Le Cameroun est souvent qualifié de "microcosme de l'Afrique"
en raison de la richesse de sa biodiversité. Il abrite 92 % des
écosystèmes présents sur le continent africain, répartis sur six
grands types d'écosystèmes, ce qui fait de notre pays l'une des
zones les plus diversifiées d'Afrique. Avec environ 8500 espèces
végétales, la biodiversité floristique du Cameroun se classe au
21e rang mondial et au 4e rang africain. Cette diversité est une
véritable richesse, non seulement pour l'équilibre écologique du
pays, mais aussi pour son développement économique et
culturel.
Cependant, cette biodiversité exceptionnelle est aujourd'hui
menacée par plusieurs facteurs.
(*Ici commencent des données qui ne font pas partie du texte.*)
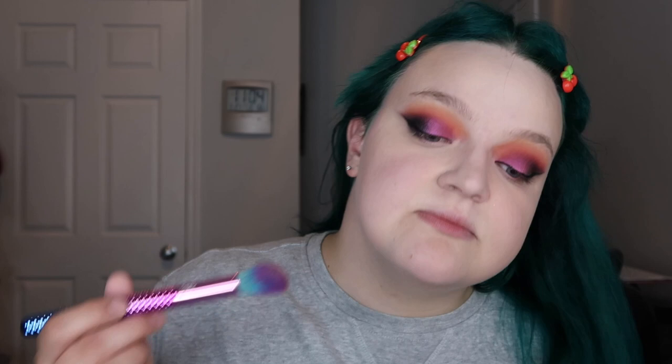To contour I have the ELF Contour Palette — I love this palette, it's so good, one of my favorite things to contour with. I think this is actually my third one. For bronzer I'm going to take the Winky Lux Coffee Bronzer in the shade Latte. I really really like it — it's very warm and it smells like coffee, so of course I love it.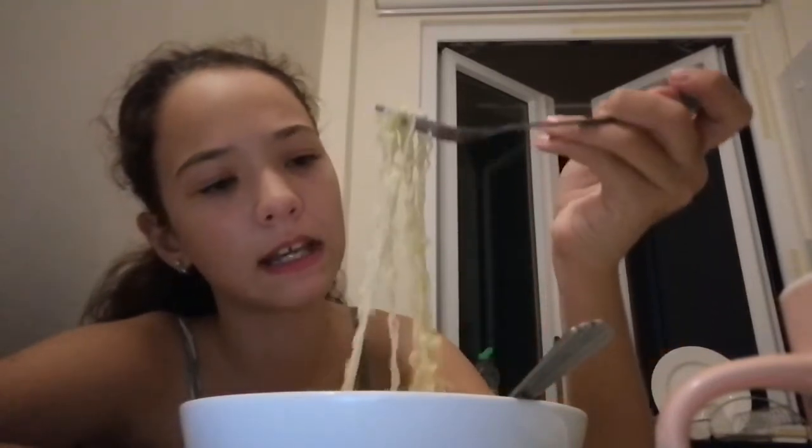The ramen tasting may begin. It kind of smells good. Let's take a sip of the water. That is hella good. I recommend it — if you have the ability, try Russian ramen. We once had super spicy ramen and it was burning hot. This is better. Bon appétit.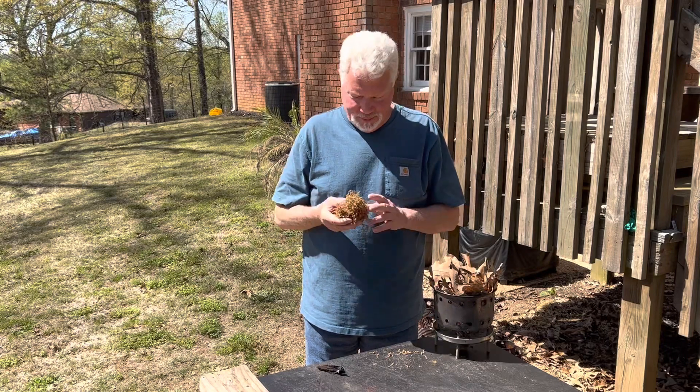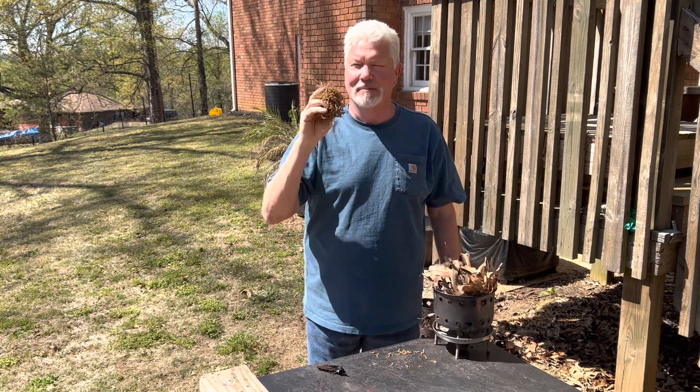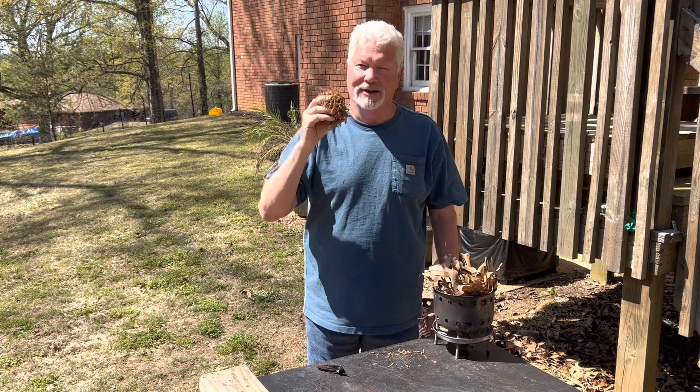Hello YouTube, I'm David with the David West Channel. Every year when the oak catkins start to fall, I like to get a bunch of them and remind you that they make a great coal extender. Let's go ahead and solar ignite these and I'll demonstrate.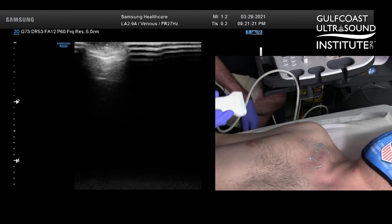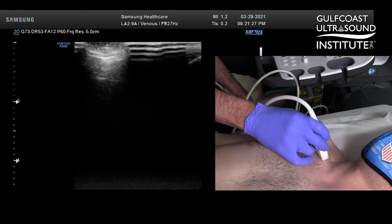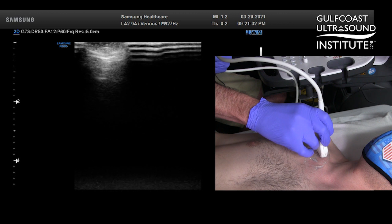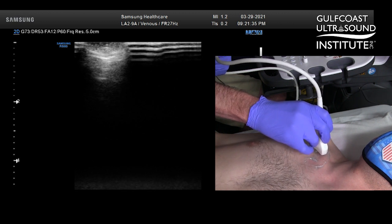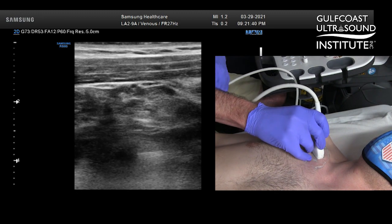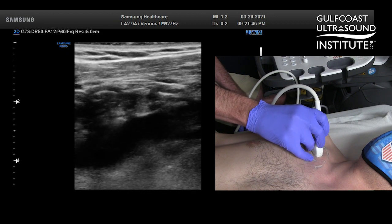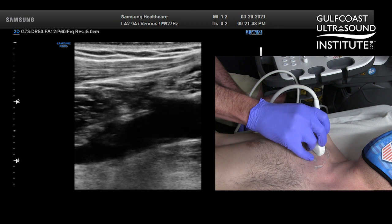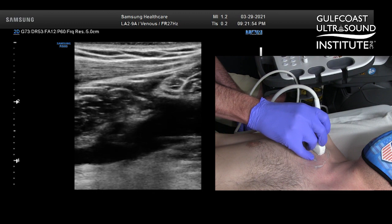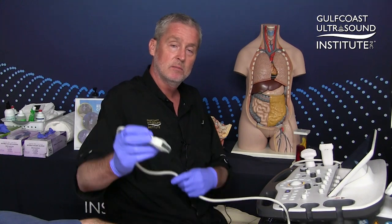The same principle applies if you're doing an ultrasound guided vascular access procedure. If you prefer the indicator to be facing away from you, same thing will happen — you'll still rotate the transducer 10 or 20 degrees inferior or toward the patient's axillary region, and that'll put you in plane with that vessel. So that's my hot tip for today. Give it a try.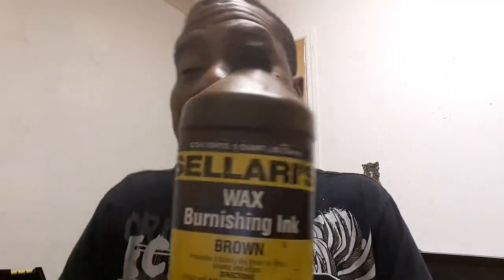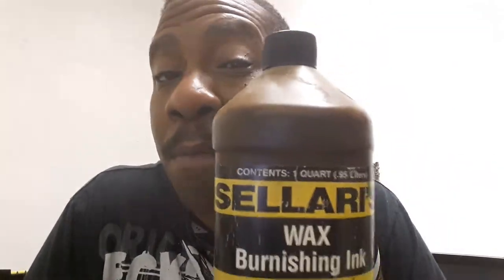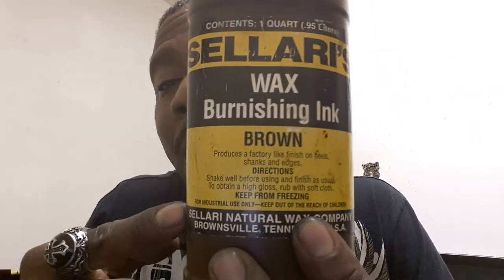Is there an easier way to do that? Yes, it is. You also have to be very careful with using burnishing ink. Tandy doesn't even sell this stuff anymore. Can you get it from another leather store? Probably. However, this company here is called Solaris, and they're based out of Brownsville, Tennessee. It is a wax-based cream and it comes in black and brown. This stuff will hide that seam like nobody's business, but you still have to use your slicker to heat that wax up. Being a wax-based product, you can also use even just regular candle wax.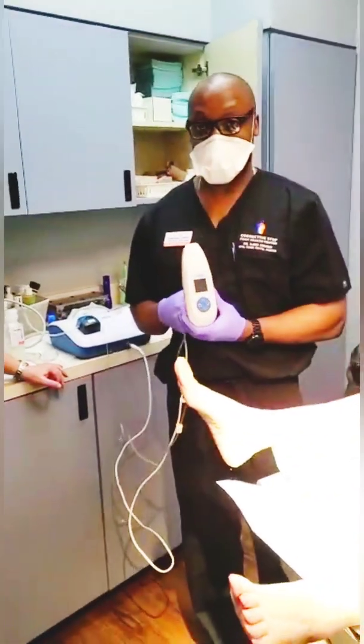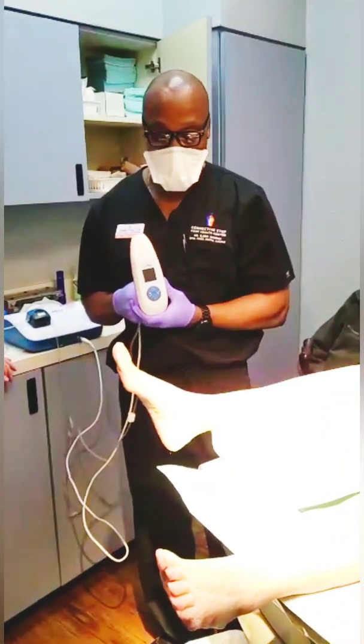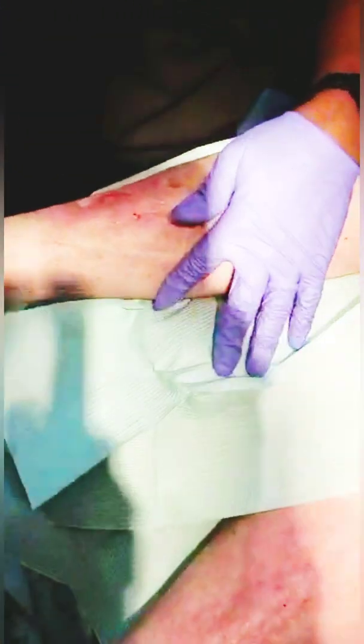I'm here with an exciting new device called Ultramist, from Sanuwave. It's basically an ultrasonic debridement device, and we're going to use this on our patient who has an ischemic wound secondary to scleroderma, secondary to a biopsy.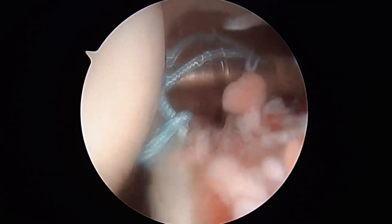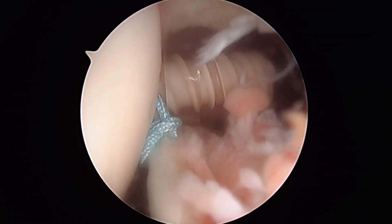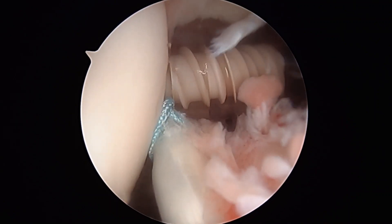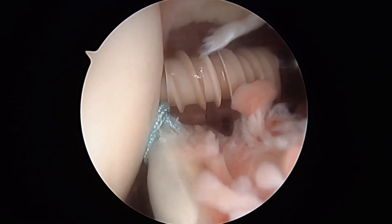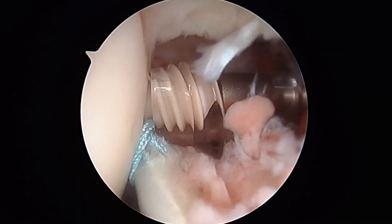It is then mounted to a depth of one screw thread into the humeral head. Tensioning on the biceps can be adjusted at this point by pulling on the sutures. Once the tension is appropriate, the paddle is held and the anchor wheel is deployed in a clockwise manner.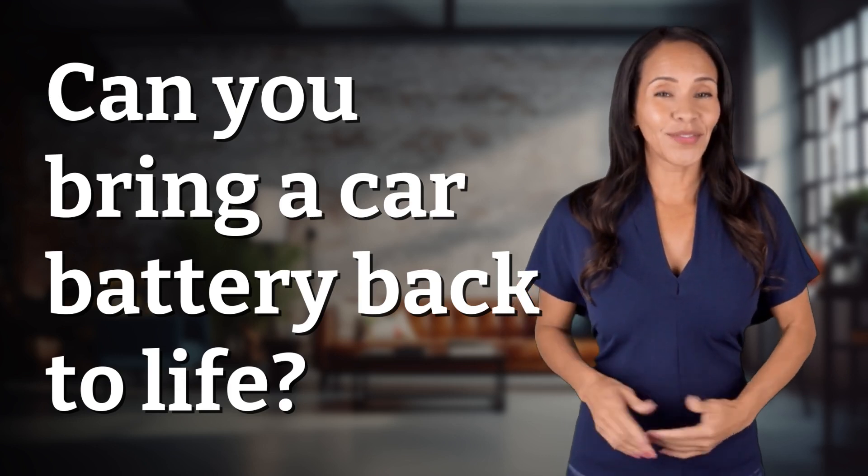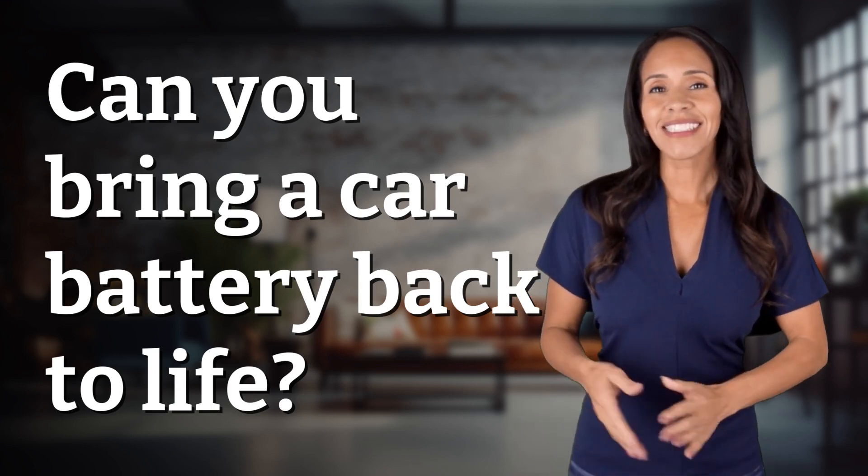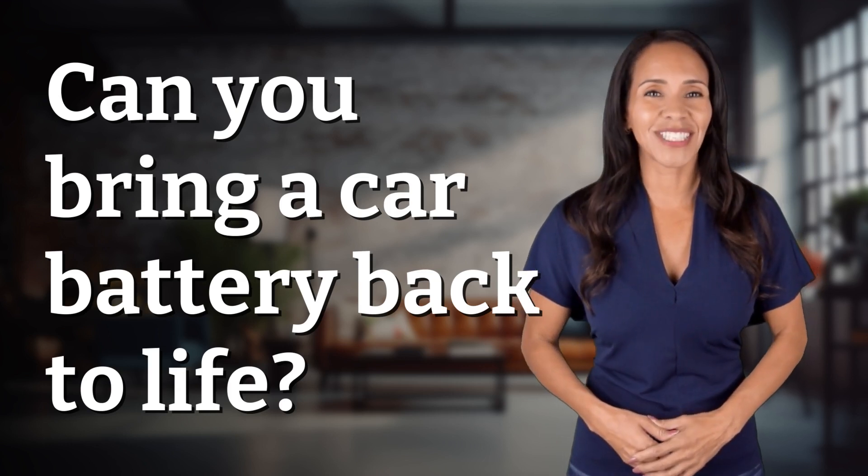Feeding your curiosity, fueling our passion. Let's satisfy our quest for knowledge with today's question.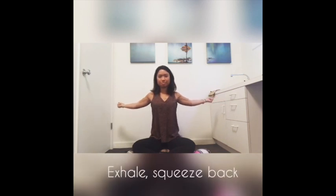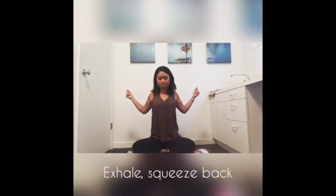Inhale, and as you exhale, squeeze your arms back, feeling the upper back muscles engage. Bend your elbows, inhale, and as you exhale, squeeze one more time back, slightly tucking your chin down, drawing your navel into your spine.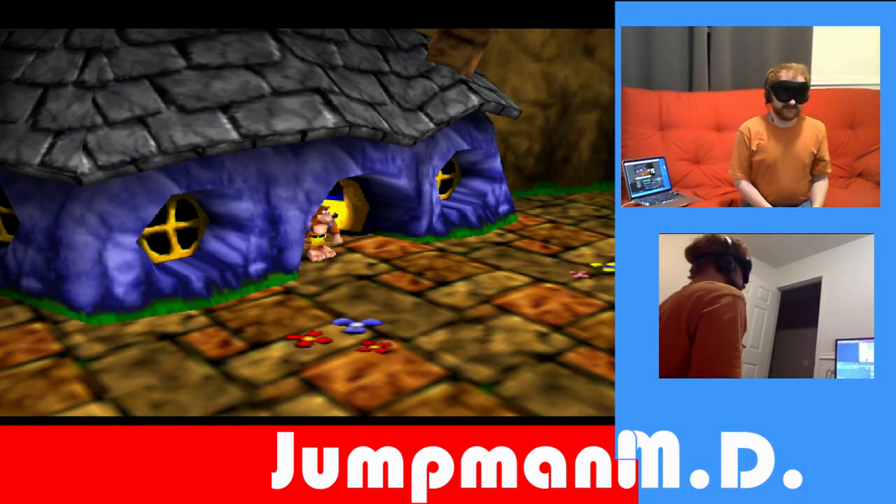JumpmanMD here. We are going to play through Spiral Mountain in Banjo-Kazooie while blindfolded. Let's go!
Parmi les principales menaces,
on retrouve les projets agricoles (plantations d’hévéa, de
palmiers à huile, bananiers, etc.), les projets de développement
tels que la construction de routes ou de barrages
hydroélectriques, mais aussi les projets d'exploration minière
(fer, or, pétrole) et des perturbations naturelles telles que les
inondations ou les vents violents.
L’impact des grands projets industriels sur la biodiversité est
particulièrement alarmant. Par exemple, le barrage
hydroélectrique de Nachtigal, sur le fleuve Sanaga, a déjà
entraîné la destruction de près de 450 hectares de terres
forestières, et le projet hydroélectrique de Kikot, prévu dans la
même région, menace d’en absorber encore davantage, avec
une capacité de 550 MW.
Face à ces enjeux, cette étude vise à apporter une contribution
à la connaissance de la diversité végétale dans la région de
Kikot, au Centre Cameroun. L’objectif global est d’étudier la
diversité végétale de Kikot afin de mieux comprendre la
biodiversité floristique de cette localité. De façon spécifique il
est question de caractériser la diversité végétale des arbres
présents dans les forêts de Kikot, d’identifier les espèces à
distribution restreinte et celles qui sont menacées selon les
catégories et critères de l’UICN, de Caractériser les différents
types de forêts à travers des transects de végétation.